The Blue Apron blues
Customer counts and order volume are down again at Blue Apron following a reduction in marketing expense while the company addresses operational challenges.
For the fourth quarter ended Dec. 31, net revenue at Blue Apron decreased 13% year-over-year to $187.7 million, driven primarily by a decrease in customers and orders. The company blamed the decreases on a scaling back of marketing efforts.
The company reported 746,000 customers on Tuesday, down 15% from a year earlier and 13% from three months prior. At its peak early last year, Blue Apron had more than a million customers buying its meal kits.
CEO Brad Dickerson told The Wall Street Journal that the company plans to start advertising again this year to attract customers and aims to break even in the next fiscal year.
“We are methodically implementing operational improvements to drive our business and are encouraged by the progress we’ve made since last quarter, particularly in margin which contributed to improvement in our bottom-line performance,” stated Brad Dickerson, Chief Executive Officer, Blue Apron Holdings, Inc. “Our top priority remains continuing to drive operational efficiencies that will propel significant improvement in our net loss and adjusted EBITDA in 2018. We also believe there are extensive opportunities to diversify and evolve the business in new ways to expand our reach and deepen our engagement with customers and we are sharpening our focus on these windows of opportunity.”
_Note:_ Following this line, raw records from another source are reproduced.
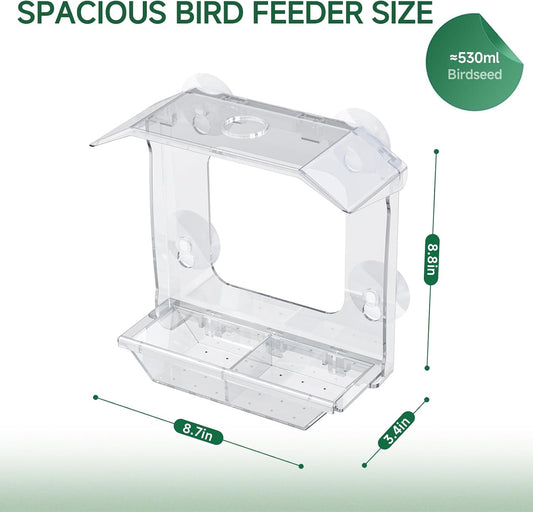 Window Bird Feeder with 4 Extra Strong Suction Cups, Clear Bird Feeder with Dual Seed Tray, Easy to Install & Clean, Birdfeeder for Viewing Wild Birds, Bird Watching Gift, Garden Decor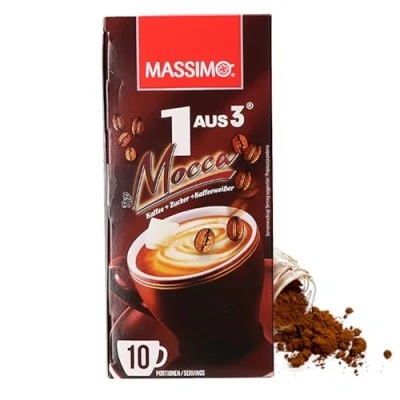 Abbildung von Massimo 1 aus 3 Mocca Instant Kaffee, 160 Sticks á 18g, Löslicher Getränkepulver mit löslichem Bohnenkaffee, Zucker und Kaffeeweißer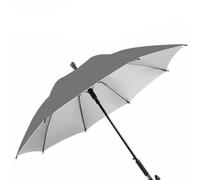 HEFJIAYCIQ Parapluie en Bâton De Marche avec Grande Poignée, Double Usage Soleil Et Pluie, Canne Parapluie Classique Coupe-Vent À Ouverture Automatique,Gris,82cm/32inch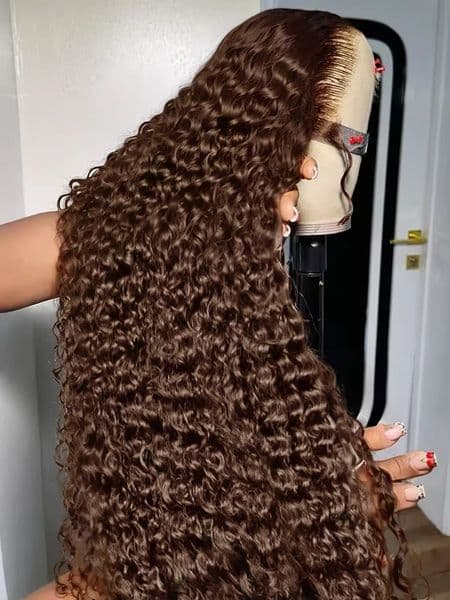 Dark Brown Wig Curly Human Hair Wigs Deep Wave Frontal Wig 13x4 HD Lace Wig Ready To Wear Water Wave Lace Front Wig pelucas Cosplay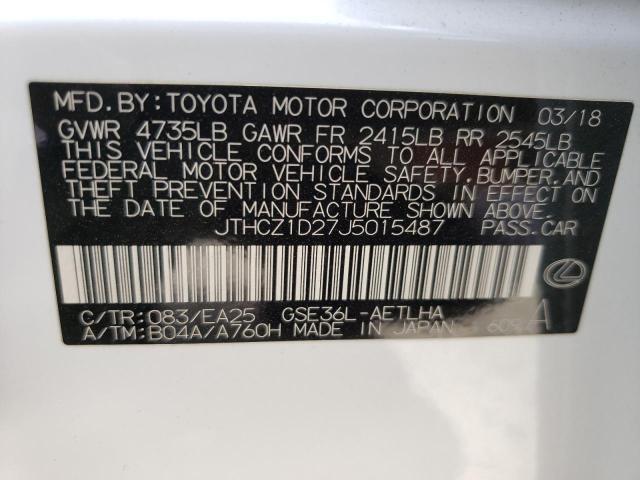 Photo 10 from auction – 2018 LEXUS IS 350 with VIN JTHCZ1D27J5015487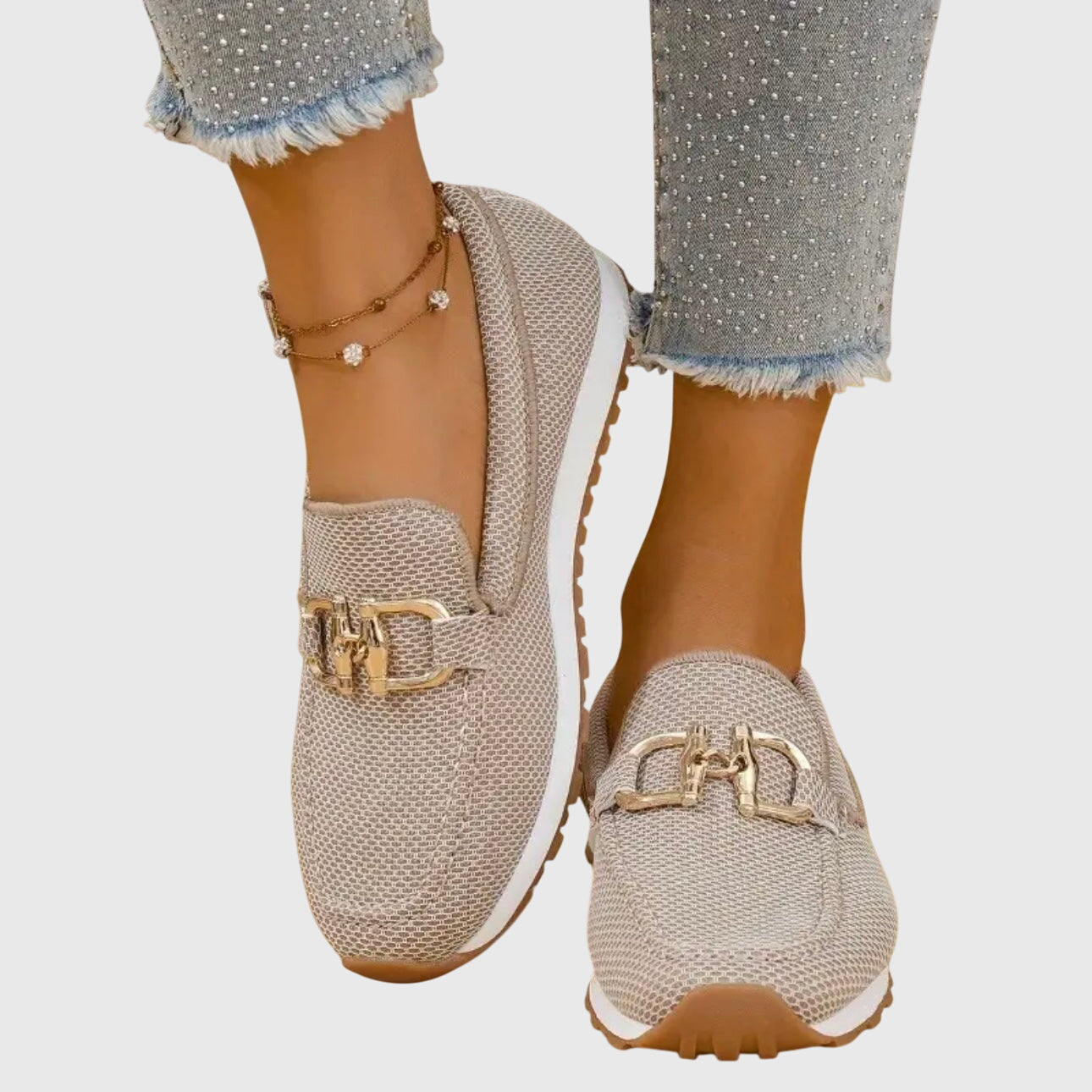 Women's Breathable Loafers Gold Horsebit Detail Lightweight Slip-On – Susana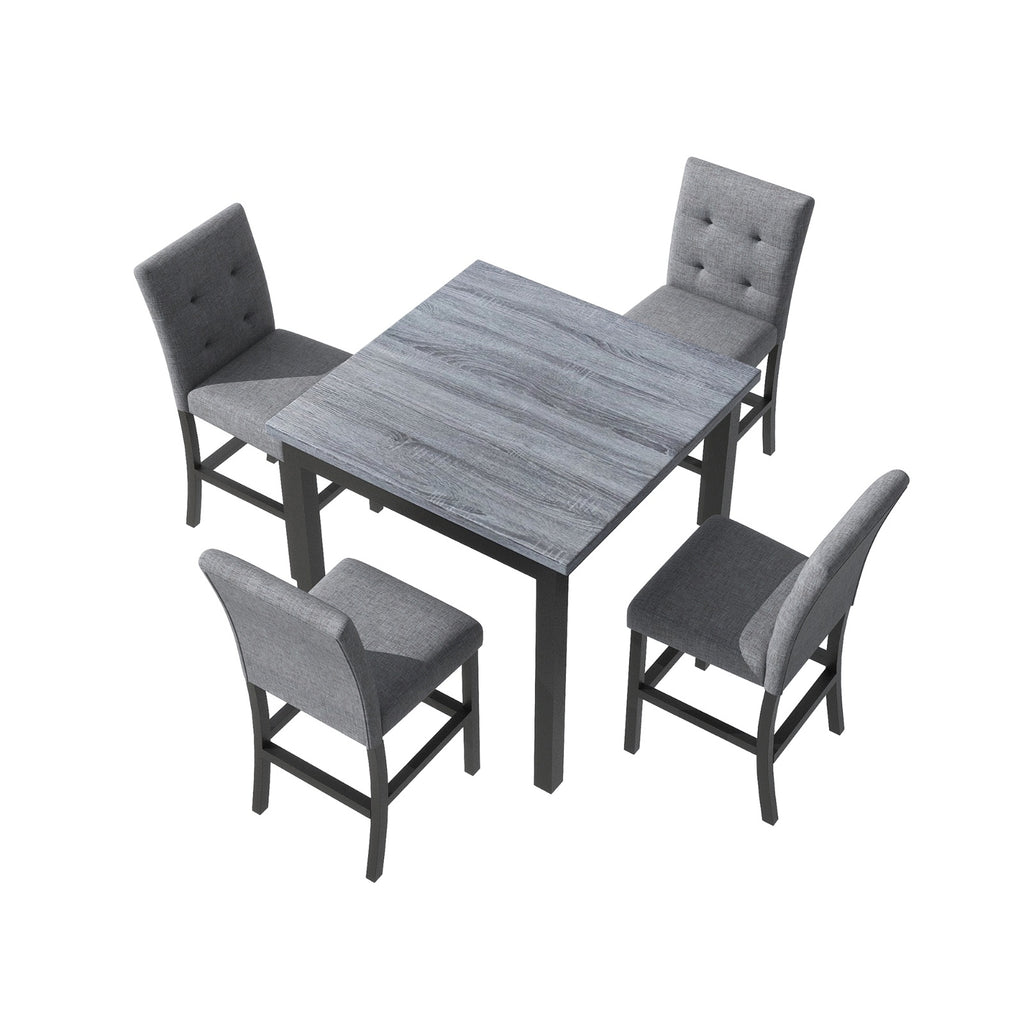 TOPMAX 5-Piece Counter Height Dining Set – Wooden Table with Chairs & Stools Featuring Footrests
Blue Apron has been struggling to overcome operational issues that have dragged its stock down more than 66 percent since it started trading in late June. Shares have slipped from $11 to just under $4 during that period.
As Blue Apron has faltered, competition to sell meal kits has grown. Everyone from Walmart to Kroger to convenience stores are now offering meal kits.
In the fourth quarter, average revenue per customer at Blue Apron rose to $248 from $245 in the third quarter and $246 a year earlier. Revenue was $187.7 million, down 13 percent. Net loss was $39.1 million and diluted loss per share was 20 cents.
The meal kit company said increased automation bolstered has productivity in its New Jersey fulfillment center and brought it in-line with its counterparts in California and Texas.